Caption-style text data
%%

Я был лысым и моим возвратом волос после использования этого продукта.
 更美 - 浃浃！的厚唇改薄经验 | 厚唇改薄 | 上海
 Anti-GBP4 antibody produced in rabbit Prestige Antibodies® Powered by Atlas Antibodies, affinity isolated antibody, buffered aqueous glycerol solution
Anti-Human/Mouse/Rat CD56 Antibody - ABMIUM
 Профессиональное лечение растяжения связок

%%

• **Work instructions**
Which lines in the data hold the string "Anti"? Copy each of them.

• **Solution**
 Anti-GBP4 antibody produced in rabbit Prestige Antibodies® Powered by Atlas Antibodies, affinity isolated antibody, buffered aqueous glycerol solution
Anti-Human/Mouse/Rat CD56 Antibody - ABMIUM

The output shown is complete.